++++ SUPPLIED INFORMATION ++++
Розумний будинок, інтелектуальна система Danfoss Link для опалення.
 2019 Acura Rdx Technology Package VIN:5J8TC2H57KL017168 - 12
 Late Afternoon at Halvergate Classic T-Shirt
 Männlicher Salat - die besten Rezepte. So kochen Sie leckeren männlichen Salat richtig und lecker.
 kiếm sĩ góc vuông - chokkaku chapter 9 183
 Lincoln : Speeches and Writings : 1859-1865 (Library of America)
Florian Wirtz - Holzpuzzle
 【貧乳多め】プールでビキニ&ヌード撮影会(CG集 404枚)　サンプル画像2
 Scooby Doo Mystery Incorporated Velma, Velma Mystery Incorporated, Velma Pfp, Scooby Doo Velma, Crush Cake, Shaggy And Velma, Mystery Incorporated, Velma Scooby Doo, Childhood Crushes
++++
■ **YOUR ASSIGNMENT**: Transcribe, please, every line from the first line of the listing above through the line with "Lincoln : Speeches". Keep both ends and nothing else.

■ **TASK OUTPUT**:
Розумний будинок, інтелектуальна система Danfoss Link для опалення.
 2019 Acura Rdx Technology Package VIN:5J8TC2H57KL017168 - 12
 Late Afternoon at Halvergate Classic T-Shirt
 Männlicher Salat - die besten Rezepte. So kochen Sie leckeren männlichen Salat richtig und lecker.
 kiếm sĩ góc vuông - chokkaku chapter 9 183
 Lincoln : Speeches and Writings : 1859-1865 (Library of America)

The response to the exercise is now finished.